スティーブン・R・コビーの世界的名著『7つの習慣―人格主義の回復』の中でも、「本当にやりたいことをやる」は大項目になるほど重視されているが、まるでトライアスロン選手のような教師は、重要度/緊急度のデカルト図で示すと、「重要度も緊急度も高いこと」「重要度は低いけど緊急度が高いこと」でお腹いっぱいになっている現状があるのではないか(少なくとも私はそうだった)。
そこで、育休期間中は、「緊急度は低いけど重要度が高いこと」に全振りすることに決めた。インプットとしては、「旅」「キャリア・自己理解」「コミュニティ」「地理学・歴史学・哲学」あたりのジャンルの本を中心に、ほぼ2カ月で30冊くらいは手に取る時間を捻出した(今までの10倍くらい)。腰を据えて紙の本にあたるだけでなく、家事や散歩しながらaudio bookを聴いたり、スキマ時間で電子書籍を読んだり、パラレル・リーディングで「1分野7冊読み」を実践中。
また、アウトプットとしては、「本当にやりたかった」学校と社会と繋ぐためのコミュニティ・プラットフォームを構築すべく、神奈川県産業振興課が運営する起業支援拠点「HATSU鎌倉」にて第4期チャレンジャーに採択して頂くことに。その他、本業の地理関連のプロジェクト、note執筆などもボチボチ・・・。
変化③資本家として生きる
育休生活は、国から育児休業給付金が支給されるとはいえ、当然収入的には厳しくなる。とはいえ、「資本家として生きる」は、何も経済的な資本だけを指している訳ではない。
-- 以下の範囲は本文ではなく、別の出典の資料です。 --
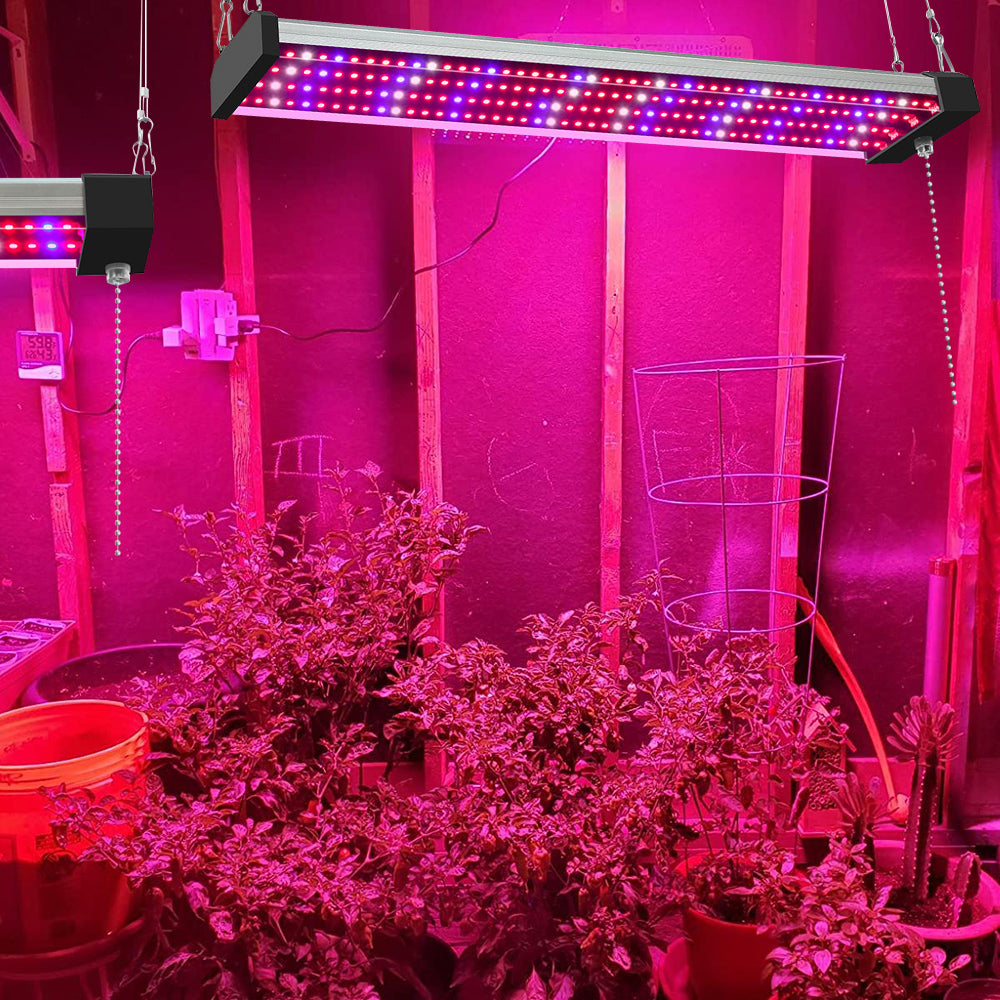 "LED Pflanzenlampe Vollspektrum, energieeffizient, mit Zugschalter, ideal für gesundes Pflanzenwachstum in Innenräumen."
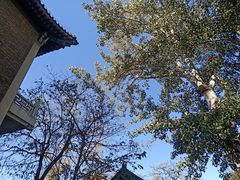 -国家图书馆·古籍馆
面白法人カヤックの柳澤大輔氏は著書『鎌倉資本主義』の中で、人が豊かに生きていくためには「経済資本(カネ)」「社会関係資本(人とのつながり)」「環境資本(自然や文化)」の3つが重要であると述べている。そして、その要素が鎌倉や湘南地域には揃っている。以前、「湘南」に関する記事を書いたら、プチバズりを経験した。特にコロナ禍では湘南ニーズの高さを実感した。笑
今は経済資本は削る一方だけど笑、学校外の「社会関係資本」を増やし、住んでいる湘南で「環境資本」を存分に味わうということを意識して生活していこうと思う。これらの資本が、加速度的に「まだ見ぬ世界への出逢い」を生み出すことを実感しており、それは必ず生徒たちに還元できるから。
【まとめ】育休は手段に過ぎない
さて、ここまで「育休生活、ぶっちゃけどーなの?」について書いたが、私が、お伝えしたいのは「育休最高!」ということではない。育休は、すべての人に解放された手段ではない上に一過性であるため、根本的な働き方改革にはなっていない。
ただ、教師が学び、挑戦し、成長し続ける姿を背中で生徒に示すことは大変重要なことだし、そのための「余白」を生む必要性を改めて共有したいという想いである。教師がよりいっそう主体的に学び続けられる仕組みづくりは、教職離れが進行する中で本当の本当に急務だと思う。いまから、自分に出来ることを考え、増やしていきたい。
最後に、この記事を読んだ下さった方との予期せぬ出逢いにも、その機会を与えてくれた育休制度にも、感謝したい。